Today’s installment is all about pride.

This posting is not about the type of pride that goeth before a fall (as says Aesop and the Bible) or the type of pride that is a group of lions or even the Pride that is the title of a U2 song.

No, this posting is about that flavor of pride known as pride of ownership.

More specifically, I am taking about the ownership of stocks. Stocks, as in shares given out by a business to raise money in exchange for partial ownership of that company, are a mainstay of financial reporting as the daily fluctuations of stock indexes (e.g., Dow Jones, NASDAQ, S&P 500) are commented on. In addition, the share price of individual stocks are also reported on to show how well or not well a business is doing.
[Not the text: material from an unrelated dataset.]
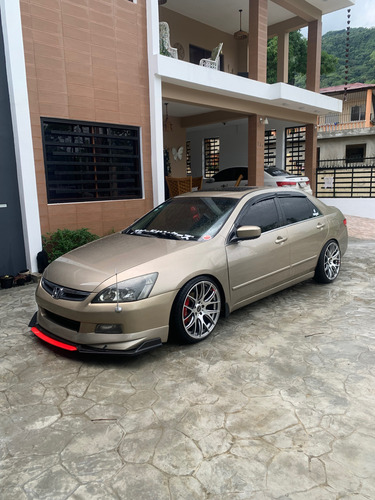 Honda Accord Ex 2003 Con Música (negociable)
With the news all a-twitter about the upcoming initial public offering (or IPO) of stock by Facebook, people may be clamoring to attempt to buy Facebook stock to make money.

But is this even a good idea?

Looking at some of the most recent tech-world IPOs, the answer is mixed.

Groupon, that company that offers daily discounts, had their IPO late last year and shares of their company were initially offered at $20. The current stock price for this company is now around the $13 range. That’s almost a fifty percent drop.

LinkedIn, the networking on-line site, had its IPO almost a year ago and it offered its shares for $45. Now, one share of the company is in the $114 range. That’s more than a doubling of the IPO price.

The gaming company that brought you FarmVille, Zynga, had its IPO in December offering up owner certificates for $10 a pop. Almost half a year later, the stock hovers in the single digits range.

The above to me says that IPO does not equal instant riches.

So, later this week, you can take your chance and try and buy Facebook stock and be proud of your new investment.

You can be proud of your new certificate of ownership, but if your pride also wants to see a double-digit increase in its price before you sell, just remember what goes before a fall.